- Opening Delimiter -

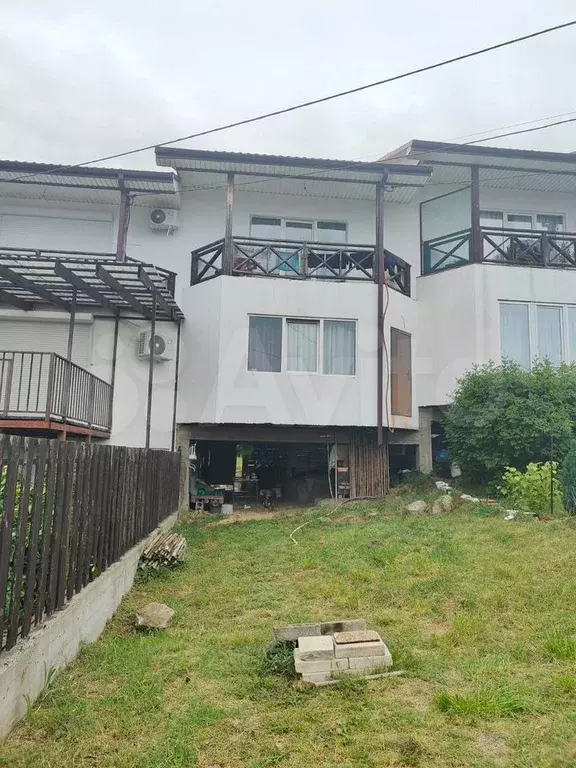 Таунхаус 80 м на участке 2 сот. - Фото 0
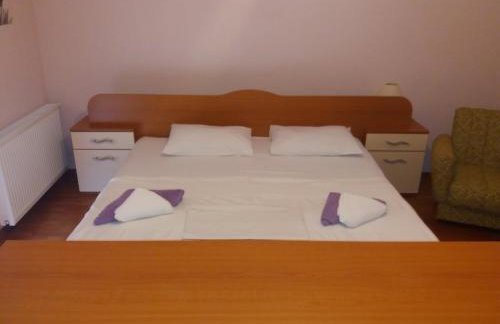 LANELU apartman - Foto 24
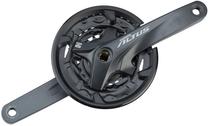 Švaistiklis Shimano, metalas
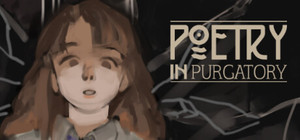 Poetry in Purgatory banner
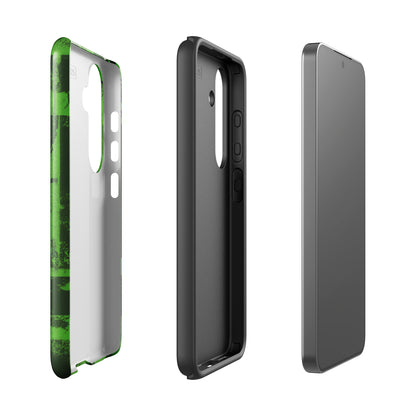 Urban Moss Samsung Case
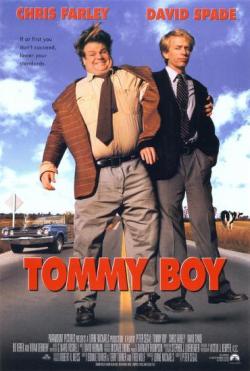 Tommy Boy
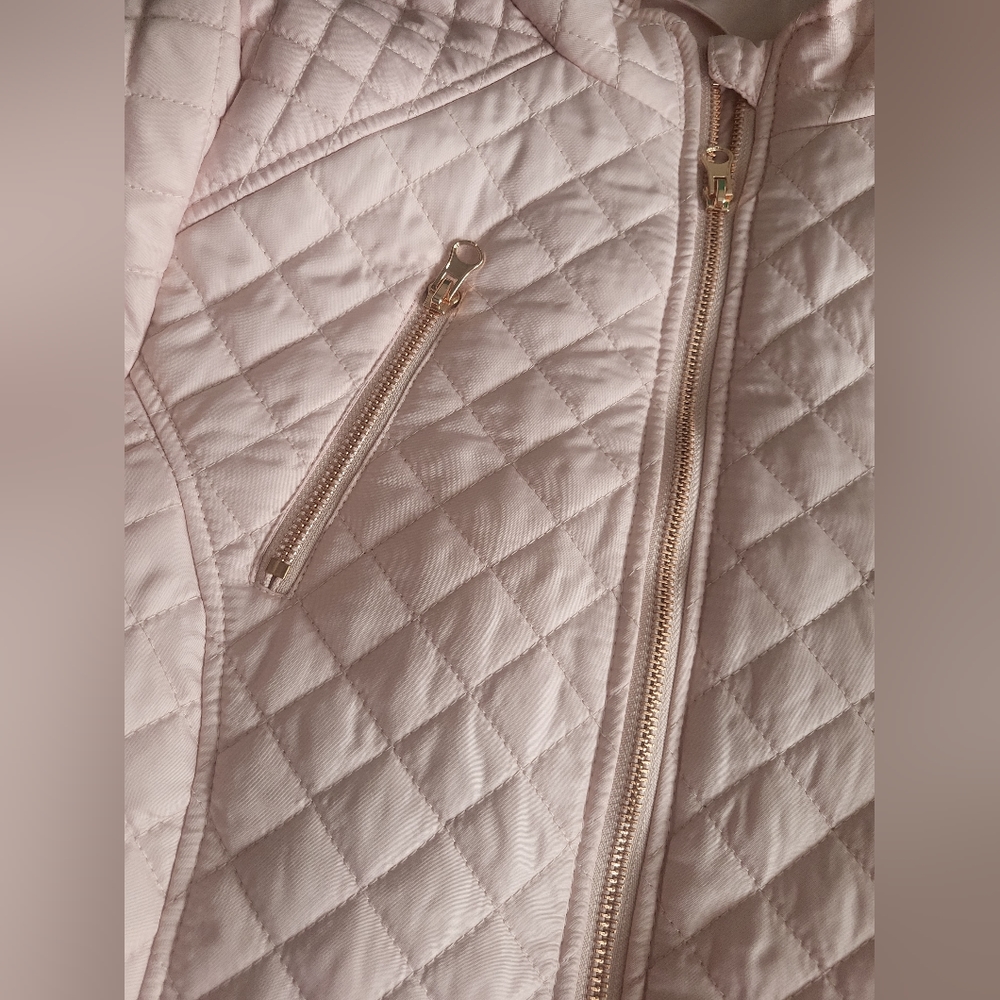 Fall jacket - Picture 3 of 4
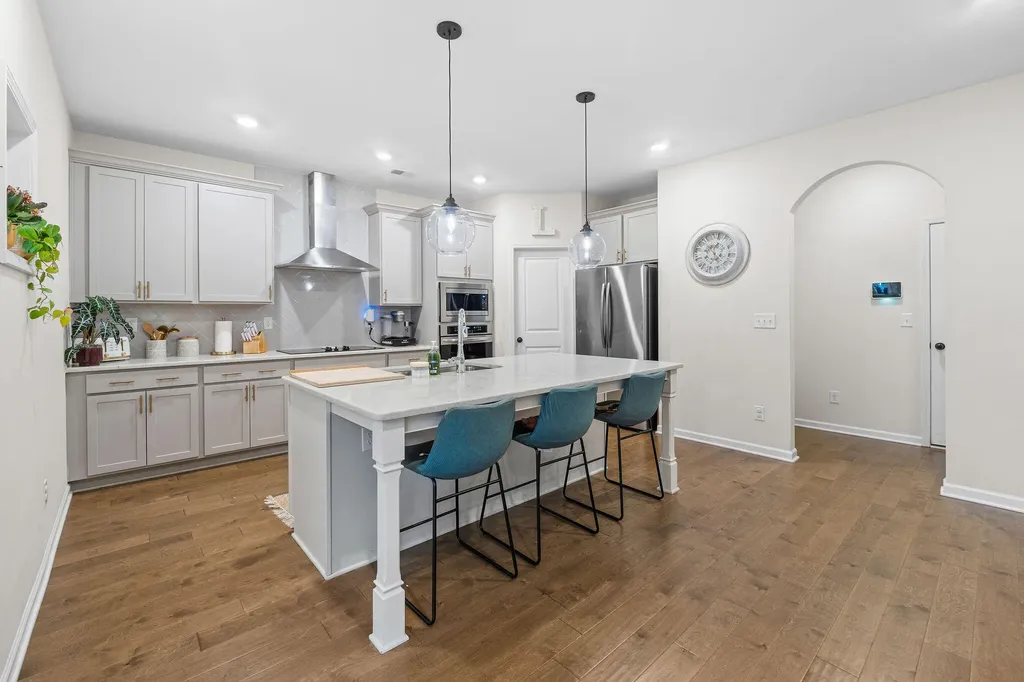 291 Palisade Ridge Evans GA 30809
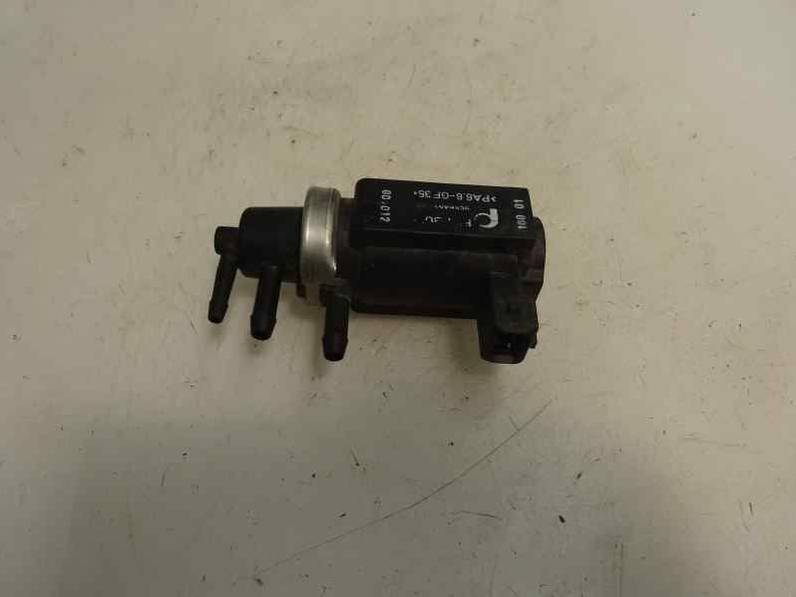 VALVULA AIRE ADICIONAL AUDI A6 BERLINA 2000 2.5 V6 24V TDI (180 CV)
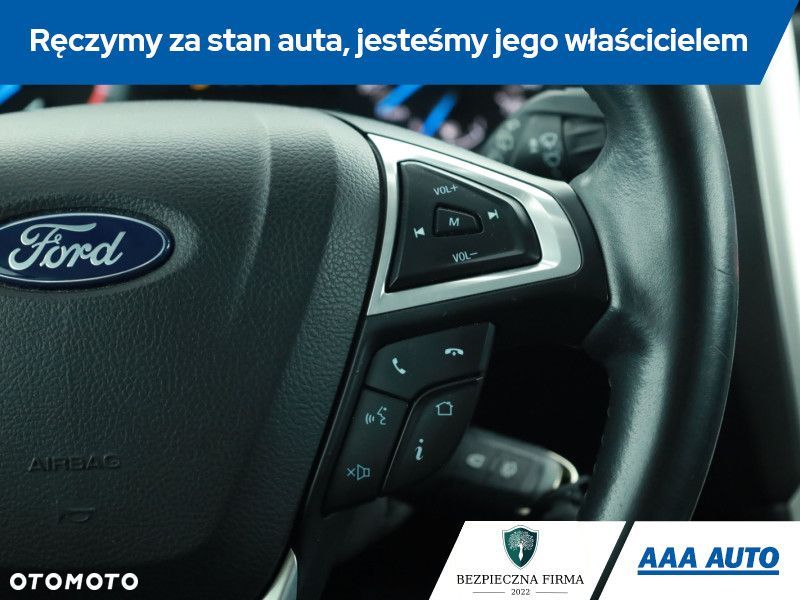 Ford Mondeo SW - 17
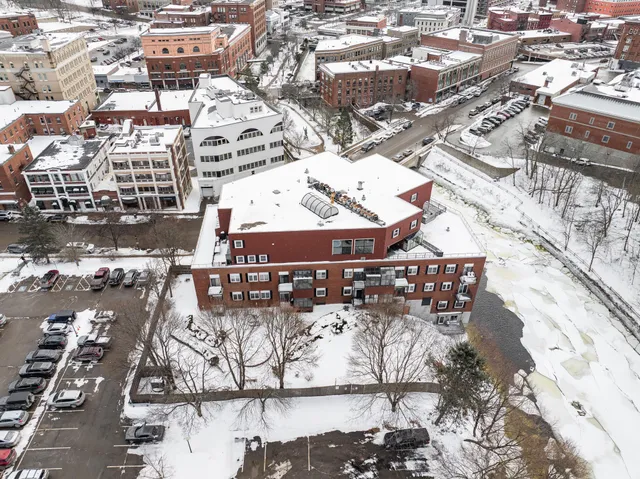 $319,000 | 112 Franklin Street, Unit C5, Bangor, ME 04401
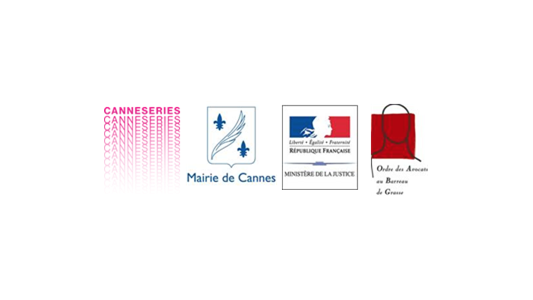 Master class "CANNESERIES et Justice, de la fiction à la réalité" autour de la série Crimes parfaits !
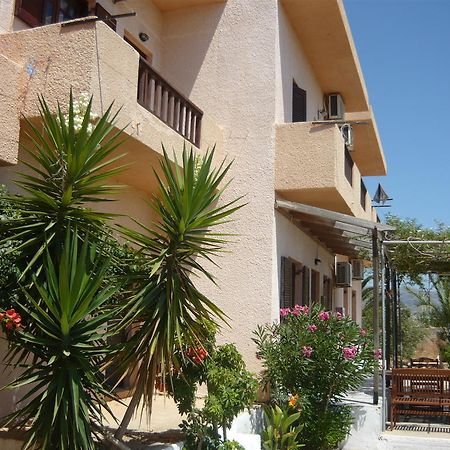 Villa Victoria มากรีเยียลอส ห้อง รูปภาพ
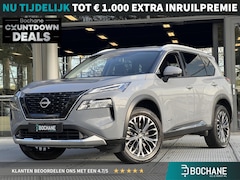 Nissan X-Trail - 1.5 e-4orce Tekna 4WD | Navigatie | HUD | Leder
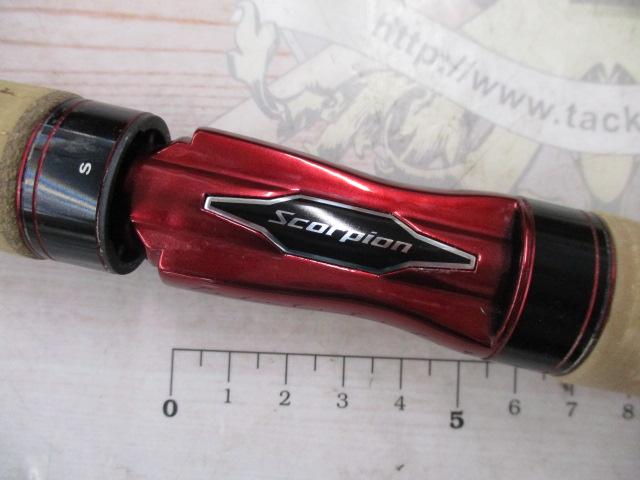 スコーピオン 2704RS-2(2019モデル)｜＠ベリーネット 日本最大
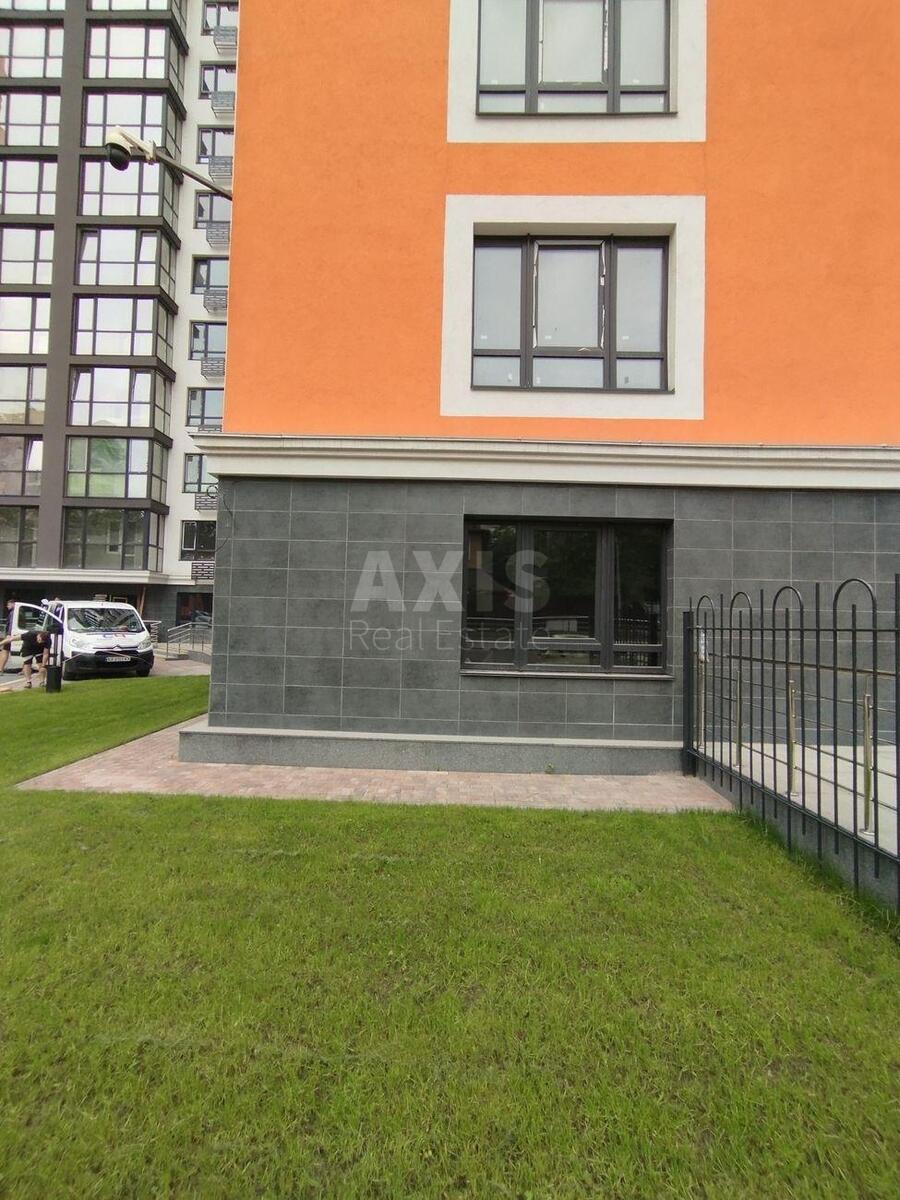 Объект сервиса ул. Львовская 1, 81м2605716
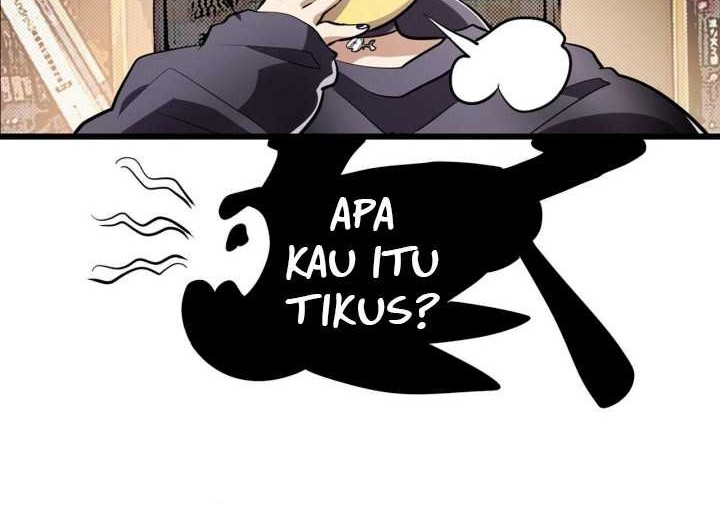 Hero? I Quit A Long Time Ago Chapter 458 Gambar 23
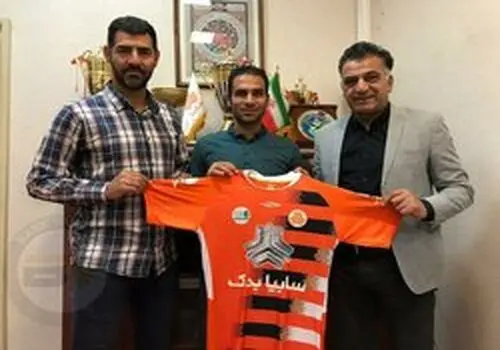 محرومیت سرپرست سابق استقلال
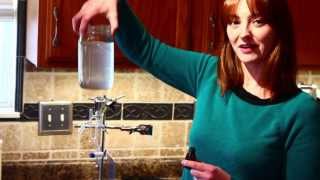 How to make essential oil using steam distillation [upl. by Farica]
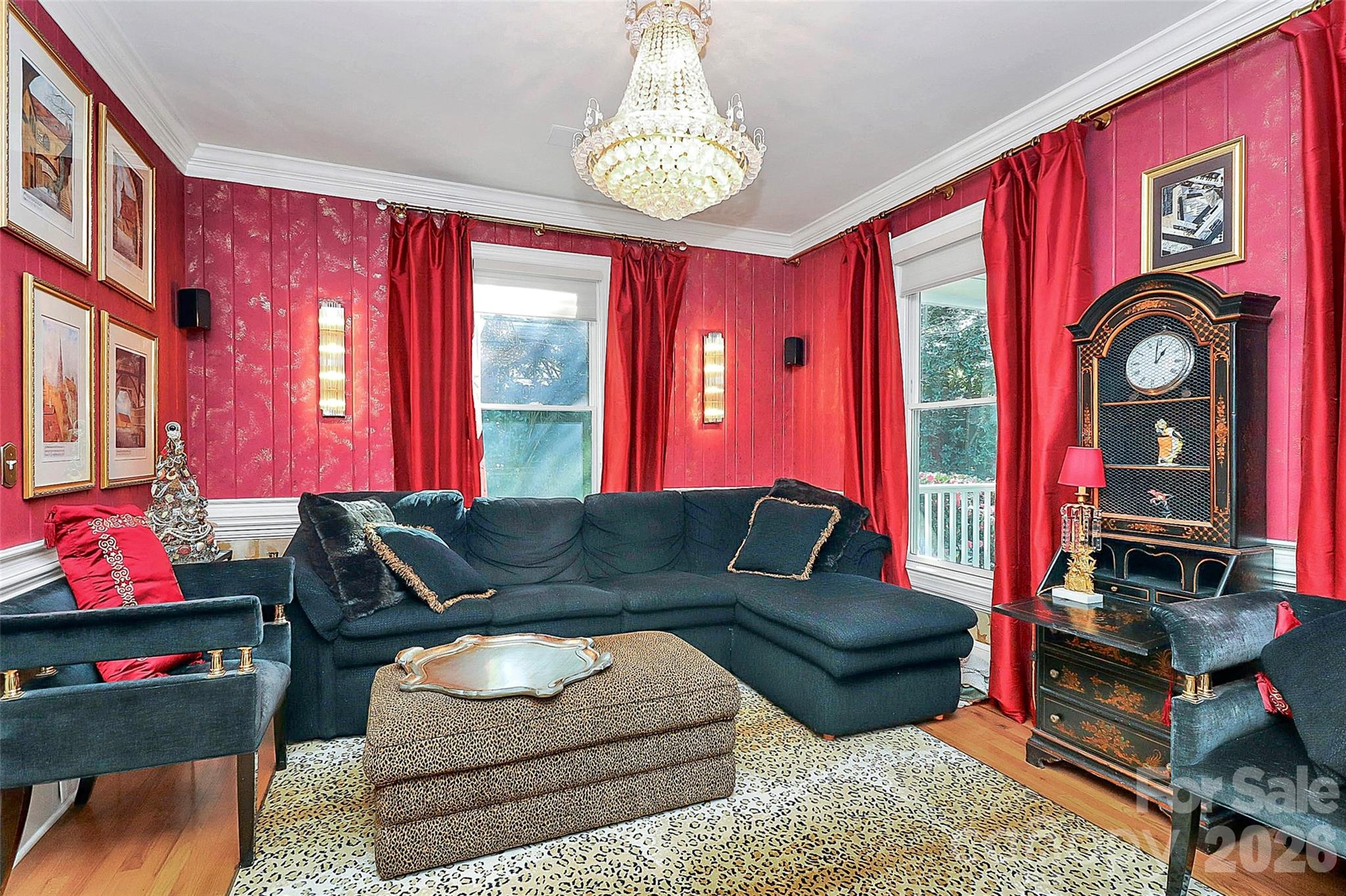 Canterbury Hill - Residential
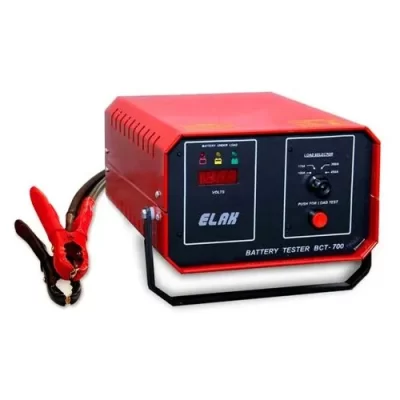 Automotive Battery Tester-p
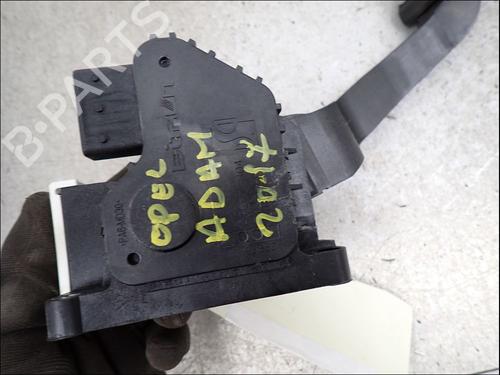 Pedal OPEL ADAM (M13) 1.0 | BP36832155I4 - Image 4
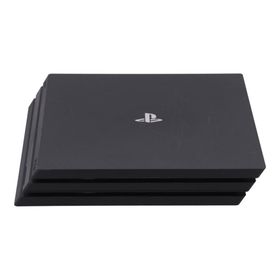SONY ソニー/PlayStation4 Pro 本体/CUH-7000BB01/5822214/Bランク/24【中古】(家庭用ゲーム機本体)
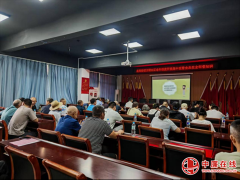  保障他们的饮食健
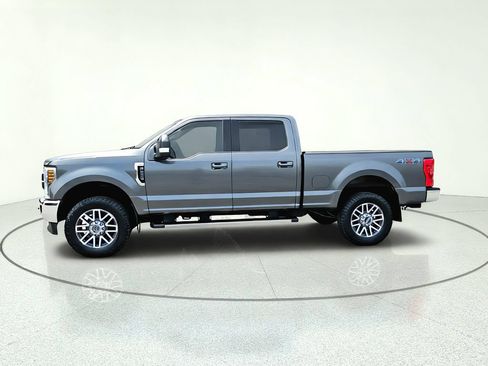 Used 2019 Ford F250 Lariat w/ Lariat Ultimate Package AWD/4WD image 5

- Closing Delimiter -

Task item - Take the line with "Automotive Battery Tester-p" as the first line and the last line of the records above as the final one; reproduce exactly the lines between them, both included, without pictures.

Answer to the exercise -
 Automotive Battery Tester-p
 Pedal OPEL ADAM (M13) 1.0 | BP36832155I4 - Image 4
SONY ソニー/PlayStation4 Pro 本体/CUH-7000BB01/5822214/Bランク/24【中古】(家庭用ゲーム機本体)
  保障他们的饮食健
 Used 2019 Ford F250 Lariat w/ Lariat Ultimate Package AWD/4WD image 5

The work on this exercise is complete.